WHAT TO DO
Working from the entries that follow, retype each one without any alteration.

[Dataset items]
******
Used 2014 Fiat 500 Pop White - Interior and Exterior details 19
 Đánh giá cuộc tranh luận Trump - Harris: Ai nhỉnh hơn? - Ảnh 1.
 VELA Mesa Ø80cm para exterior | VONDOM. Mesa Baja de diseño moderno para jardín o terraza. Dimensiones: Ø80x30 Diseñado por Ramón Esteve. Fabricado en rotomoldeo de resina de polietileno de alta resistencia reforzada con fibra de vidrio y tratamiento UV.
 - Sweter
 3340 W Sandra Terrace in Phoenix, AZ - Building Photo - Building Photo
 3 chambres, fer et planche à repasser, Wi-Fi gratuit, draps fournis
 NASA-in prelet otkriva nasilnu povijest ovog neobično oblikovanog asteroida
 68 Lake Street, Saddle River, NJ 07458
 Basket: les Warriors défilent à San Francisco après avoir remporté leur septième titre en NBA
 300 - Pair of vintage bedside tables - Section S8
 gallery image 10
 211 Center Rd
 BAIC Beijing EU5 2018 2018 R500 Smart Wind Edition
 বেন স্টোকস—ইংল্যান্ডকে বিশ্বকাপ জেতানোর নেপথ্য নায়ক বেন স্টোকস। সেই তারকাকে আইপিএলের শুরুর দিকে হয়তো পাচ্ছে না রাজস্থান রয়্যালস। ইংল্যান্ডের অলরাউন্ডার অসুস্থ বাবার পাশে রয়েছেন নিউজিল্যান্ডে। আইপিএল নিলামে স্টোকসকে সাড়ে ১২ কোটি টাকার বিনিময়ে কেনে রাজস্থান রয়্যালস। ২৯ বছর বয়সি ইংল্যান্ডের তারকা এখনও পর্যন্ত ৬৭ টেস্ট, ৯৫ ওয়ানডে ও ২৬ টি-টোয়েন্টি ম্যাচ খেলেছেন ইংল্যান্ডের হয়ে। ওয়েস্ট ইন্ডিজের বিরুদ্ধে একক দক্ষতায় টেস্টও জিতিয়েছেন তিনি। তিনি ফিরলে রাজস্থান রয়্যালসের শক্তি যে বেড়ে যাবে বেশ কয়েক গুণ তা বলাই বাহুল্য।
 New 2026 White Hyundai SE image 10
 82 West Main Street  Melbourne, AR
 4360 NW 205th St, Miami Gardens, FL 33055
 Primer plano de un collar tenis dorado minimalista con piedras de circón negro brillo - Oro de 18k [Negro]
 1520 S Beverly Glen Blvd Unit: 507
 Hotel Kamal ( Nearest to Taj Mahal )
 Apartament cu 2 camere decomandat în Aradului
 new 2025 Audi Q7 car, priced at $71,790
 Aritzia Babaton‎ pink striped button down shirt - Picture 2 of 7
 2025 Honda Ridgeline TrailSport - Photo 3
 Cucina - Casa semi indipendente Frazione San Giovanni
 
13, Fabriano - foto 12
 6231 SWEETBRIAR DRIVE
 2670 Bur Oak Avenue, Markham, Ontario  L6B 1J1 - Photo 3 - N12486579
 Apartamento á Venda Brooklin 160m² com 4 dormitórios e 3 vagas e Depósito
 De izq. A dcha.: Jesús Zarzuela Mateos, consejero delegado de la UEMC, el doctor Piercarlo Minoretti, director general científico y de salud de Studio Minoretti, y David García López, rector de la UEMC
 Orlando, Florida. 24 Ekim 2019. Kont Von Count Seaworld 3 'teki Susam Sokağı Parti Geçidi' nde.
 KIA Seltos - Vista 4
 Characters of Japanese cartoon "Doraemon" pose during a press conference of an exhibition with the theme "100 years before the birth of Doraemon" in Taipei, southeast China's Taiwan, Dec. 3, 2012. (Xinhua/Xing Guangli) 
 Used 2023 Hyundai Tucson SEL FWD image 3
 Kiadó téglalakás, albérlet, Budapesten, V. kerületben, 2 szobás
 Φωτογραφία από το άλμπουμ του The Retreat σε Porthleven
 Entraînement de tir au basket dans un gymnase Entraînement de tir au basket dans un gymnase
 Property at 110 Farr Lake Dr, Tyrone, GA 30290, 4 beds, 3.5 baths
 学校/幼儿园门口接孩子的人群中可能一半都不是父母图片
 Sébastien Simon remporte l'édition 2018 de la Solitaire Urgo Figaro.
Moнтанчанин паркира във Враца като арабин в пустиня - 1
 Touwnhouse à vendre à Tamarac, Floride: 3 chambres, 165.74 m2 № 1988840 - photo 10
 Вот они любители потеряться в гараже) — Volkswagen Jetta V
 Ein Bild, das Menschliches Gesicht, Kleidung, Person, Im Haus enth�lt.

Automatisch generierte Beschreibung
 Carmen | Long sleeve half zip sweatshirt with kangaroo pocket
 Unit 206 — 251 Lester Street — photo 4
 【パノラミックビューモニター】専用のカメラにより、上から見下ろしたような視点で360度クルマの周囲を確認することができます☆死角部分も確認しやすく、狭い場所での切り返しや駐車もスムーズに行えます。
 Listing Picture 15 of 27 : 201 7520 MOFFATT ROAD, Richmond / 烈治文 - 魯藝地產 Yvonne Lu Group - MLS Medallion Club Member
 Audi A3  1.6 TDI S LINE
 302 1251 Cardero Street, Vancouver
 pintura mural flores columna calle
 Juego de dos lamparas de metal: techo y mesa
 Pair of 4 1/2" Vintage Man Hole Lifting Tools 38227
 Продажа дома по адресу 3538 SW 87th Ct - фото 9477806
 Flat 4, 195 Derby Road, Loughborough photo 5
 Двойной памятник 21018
******
ANSWER BELOW
Used 2014 Fiat 500 Pop White - Interior and Exterior details 19
 Đánh giá cuộc tranh luận Trump - Harris: Ai nhỉnh hơn? - Ảnh 1.
 VELA Mesa Ø80cm para exterior | VONDOM. Mesa Baja de diseño moderno para jardín o terraza. Dimensiones: Ø80x30 Diseñado por Ramón Esteve. Fabricado en rotomoldeo de resina de polietileno de alta resistencia reforzada con fibra de vidrio y tratamiento UV.
 - Sweter
 3340 W Sandra Terrace in Phoenix, AZ - Building Photo - Building Photo
 3 chambres, fer et planche à repasser, Wi-Fi gratuit, draps fournis
 NASA-in prelet otkriva nasilnu povijest ovog neobično oblikovanog asteroida
 68 Lake Street, Saddle River, NJ 07458
 Basket: les Warriors défilent à San Francisco après avoir remporté leur septième titre en NBA
 300 - Pair of vintage bedside tables - Section S8
 gallery image 10
 211 Center Rd
 BAIC Beijing EU5 2018 2018 R500 Smart Wind Edition
 বেন স্টোকস—ইংল্যান্ডকে বিশ্বকাপ জেতানোর নেপথ্য নায়ক বেন স্টোকস। সেই তারকাকে আইপিএলের শুরুর দিকে হয়তো পাচ্ছে না রাজস্থান রয়্যালস। ইংল্যান্ডের অলরাউন্ডার অসুস্থ বাবার পাশে রয়েছেন নিউজিল্যান্ডে। আইপিএল নিলামে স্টোকসকে সাড়ে ১২ কোটি টাকার বিনিময়ে কেনে রাজস্থান রয়্যালস। ২৯ বছর বয়সি ইংল্যান্ডের তারকা এখনও পর্যন্ত ৬৭ টেস্ট, ৯৫ ওয়ানডে ও ২৬ টি-টোয়েন্টি ম্যাচ খেলেছেন ইংল্যান্ডের হয়ে। ওয়েস্ট ইন্ডিজের বিরুদ্ধে একক দক্ষতায় টেস্টও জিতিয়েছেন তিনি। তিনি ফিরলে রাজস্থান রয়্যালসের শক্তি যে বেড়ে যাবে বেশ কয়েক গুণ তা বলাই বাহুল্য।
 New 2026 White Hyundai SE image 10
 82 West Main Street  Melbourne, AR
 4360 NW 205th St, Miami Gardens, FL 33055
 Primer plano de un collar tenis dorado minimalista con piedras de circón negro brillo - Oro de 18k [Negro]
 1520 S Beverly Glen Blvd Unit: 507
 Hotel Kamal ( Nearest to Taj Mahal )
 Apartament cu 2 camere decomandat în Aradului
 new 2025 Audi Q7 car, priced at $71,790
 Aritzia Babaton‎ pink striped button down shirt - Picture 2 of 7
 2025 Honda Ridgeline TrailSport - Photo 3
 Cucina - Casa semi indipendente Frazione San Giovanni
 
13, Fabriano - foto 12
 6231 SWEETBRIAR DRIVE
 2670 Bur Oak Avenue, Markham, Ontario  L6B 1J1 - Photo 3 - N12486579
 Apartamento á Venda Brooklin 160m² com 4 dormitórios e 3 vagas e Depósito
 De izq. A dcha.: Jesús Zarzuela Mateos, consejero delegado de la UEMC, el doctor Piercarlo Minoretti, director general científico y de salud de Studio Minoretti, y David García López, rector de la UEMC
 Orlando, Florida. 24 Ekim 2019. Kont Von Count Seaworld 3 'teki Susam Sokağı Parti Geçidi' nde.
 KIA Seltos - Vista 4
 Characters of Japanese cartoon "Doraemon" pose during a press conference of an exhibition with the theme "100 years before the birth of Doraemon" in Taipei, southeast China's Taiwan, Dec. 3, 2012. (Xinhua/Xing Guangli) 
 Used 2023 Hyundai Tucson SEL FWD image 3
 Kiadó téglalakás, albérlet, Budapesten, V. kerületben, 2 szobás
 Φωτογραφία από το άλμπουμ του The Retreat σε Porthleven
 Entraînement de tir au basket dans un gymnase Entraînement de tir au basket dans un gymnase
 Property at 110 Farr Lake Dr, Tyrone, GA 30290, 4 beds, 3.5 baths
 学校/幼儿园门口接孩子的人群中可能一半都不是父母图片
 Sébastien Simon remporte l'édition 2018 de la Solitaire Urgo Figaro.
Moнтанчанин паркира във Враца като арабин в пустиня - 1
 Touwnhouse à vendre à Tamarac, Floride: 3 chambres, 165.74 m2 № 1988840 - photo 10
 Вот они любители потеряться в гараже) — Volkswagen Jetta V
 Ein Bild, das Menschliches Gesicht, Kleidung, Person, Im Haus enth�lt.

Automatisch generierte Beschreibung
 Carmen | Long sleeve half zip sweatshirt with kangaroo pocket
 Unit 206 — 251 Lester Street — photo 4
 【パノラミックビューモニター】専用のカメラにより、上から見下ろしたような視点で360度クルマの周囲を確認することができます☆死角部分も確認しやすく、狭い場所での切り返しや駐車もスムーズに行えます。
 Listing Picture 15 of 27 : 201 7520 MOFFATT ROAD, Richmond / 烈治文 - 魯藝地產 Yvonne Lu Group - MLS Medallion Club Member
 Audi A3  1.6 TDI S LINE
 302 1251 Cardero Street, Vancouver
 pintura mural flores columna calle
 Juego de dos lamparas de metal: techo y mesa
 Pair of 4 1/2" Vintage Man Hole Lifting Tools 38227
 Продажа дома по адресу 3538 SW 87th Ct - фото 9477806
 Flat 4, 195 Derby Road, Loughborough photo 5
 Двойной памятник 21018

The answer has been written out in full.